Quote, word for word, only the lines running from the line with "Máquina Corta Cabelo" through the end of the listing. Leave out the pictures.

*** Opening GIVEN MATERIAL ***

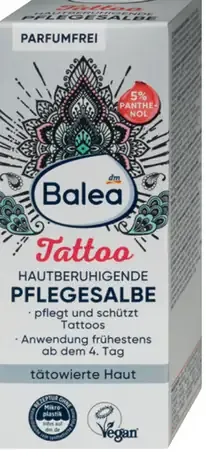 Balea Tattoo ošetrujúca a upokojujúca masť na tetovanú pokožku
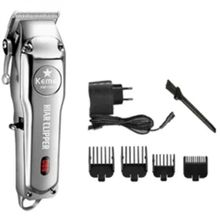 Máquina Corta Cabelo Fino Acabamento Kemei Aparador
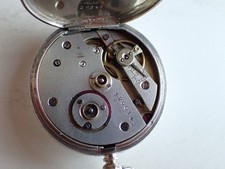 antik Taschenuhr 800 Silber florales verziertes Ziffernblatt m. Schlüssel 50,9g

*** Closing GIVEN MATERIAL ***

[ANSWER SECTION]
 Máquina Corta Cabelo Fino Acabamento Kemei Aparador
 antik Taschenuhr 800 Silber florales verziertes Ziffernblatt m. Schlüssel 50,9g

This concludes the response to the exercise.